The above may seem like a return to neo-Idealism, mysticisim, and a deux ex machina. But it's rather trying to give Marx's critique a fuller account. While the Young Hegelians lapse into forgetting the primacy of the material, Marx seems unaware of how may be awakened by the abstract. In other words, many a convert to Marxian analysis were struck by the theory, which then corresponded to reality, rather than being struck by the dialectical contradictions of social inequalities. And the reason this is possible is because reality is fundamentally personal. Behind the ideas, both sensual and abstract, earthly and heavenly, is God. The Logos is the absolute subject, reality at is ultimate level, the Creator of both Heaven and Earth.

Without this awareness of struggle (something quite clear in Scripture, even if it's not ultimate), one can easily lapse back into the naive rationalism of the Platonism. Theology has often been captive to this form, which allows it to become the haunt of bad magicians. Often theology is a product of a certain class that reinscribes its own interests or the interests of its employers. When Christians fail to be self-aware of these forces (the full pleotheora of ideas, ascending and descending Jacob's ladders), they may become mystifiers and obfuscators. With an abstract God upon a chain of being, Christianity simply becomes the naive tool of domination in the unwitting hands of the intelligentsia (hence why Marx lampoons "Saint Max" [Max Stirner] and "Saint Bruno" [Bruno Bauer] as theologians). These neo-idealists became idolators, functionally pantheists, denying both concrete men and their history. Berkeley's defense of Christianity, coming long before Marx or dialectical theory, depends upon a formatting of the abstract in relation to the concrete. It defends the integrity of personal agency within a world of sensual ideas (the experience of the material). The living God remains the better alternative to the idols of neo-idealists (naive rationalists or dialecticians).

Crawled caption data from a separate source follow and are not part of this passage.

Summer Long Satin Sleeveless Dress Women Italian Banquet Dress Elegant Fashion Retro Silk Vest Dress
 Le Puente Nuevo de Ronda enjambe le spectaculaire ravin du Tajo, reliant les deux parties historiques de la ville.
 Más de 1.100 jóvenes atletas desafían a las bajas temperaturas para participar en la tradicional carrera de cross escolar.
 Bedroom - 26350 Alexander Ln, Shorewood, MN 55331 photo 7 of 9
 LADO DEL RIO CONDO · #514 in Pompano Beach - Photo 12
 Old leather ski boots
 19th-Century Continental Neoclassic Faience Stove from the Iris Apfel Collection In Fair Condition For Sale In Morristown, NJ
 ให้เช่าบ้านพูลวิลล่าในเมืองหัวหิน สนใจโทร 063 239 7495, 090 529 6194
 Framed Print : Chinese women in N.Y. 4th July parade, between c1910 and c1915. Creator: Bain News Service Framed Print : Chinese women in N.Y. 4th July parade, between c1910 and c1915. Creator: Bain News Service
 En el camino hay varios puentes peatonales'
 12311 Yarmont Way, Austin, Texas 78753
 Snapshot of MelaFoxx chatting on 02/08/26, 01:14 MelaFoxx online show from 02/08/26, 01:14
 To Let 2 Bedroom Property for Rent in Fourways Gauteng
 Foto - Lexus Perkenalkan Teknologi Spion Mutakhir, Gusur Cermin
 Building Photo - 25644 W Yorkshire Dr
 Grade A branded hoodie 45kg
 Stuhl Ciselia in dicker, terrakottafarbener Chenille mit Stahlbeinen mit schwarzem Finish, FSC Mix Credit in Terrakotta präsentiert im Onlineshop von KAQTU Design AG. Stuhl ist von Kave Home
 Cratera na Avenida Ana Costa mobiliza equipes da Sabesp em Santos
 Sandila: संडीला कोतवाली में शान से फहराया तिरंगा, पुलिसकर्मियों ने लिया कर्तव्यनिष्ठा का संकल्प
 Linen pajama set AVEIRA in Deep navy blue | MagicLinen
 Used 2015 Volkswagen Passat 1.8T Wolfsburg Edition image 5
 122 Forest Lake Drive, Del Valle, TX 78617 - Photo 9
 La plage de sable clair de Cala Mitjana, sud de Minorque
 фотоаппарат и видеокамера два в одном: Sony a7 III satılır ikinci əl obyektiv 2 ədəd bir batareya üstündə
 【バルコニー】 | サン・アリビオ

Or, in other words, it's the deepest magic of them all. In conclusion, I quote C.S. Lewis' Aslan when he rose from the dead in The Lion, The Witch, and The Wardrobe. Aslan's return to life is shocking because he had just pledged his life for Edward's, which was itself grounded on the Witch's knowledge of Narnia's magic. Aslan is queried about this utterly bizarre, and seemingly contradictory, turn of events, when he responds:
'It means', said Aslan, 'that though the Witch knew the Deep Magic, there is a magic deeper still which she did not know. Her knowledge goes back only to the dawn of Time. But if she could have looked a little further back, into the stillness and the darkness before Time dawned, she would have read there a different incantation.
Christian theology is not against the functionalist critique Marx offers. It simply appeals that there's a magic deeper still.

1 comment:

  1. This is a good reading of these matters. It's amazing how often you hear (inc. from some Marxists) that Marx didn't believe in a 'human nature'. Well, as Norman Geras's book demonstrates, he did, or there would have been no inevitable or 'correct' telos for history to work towards.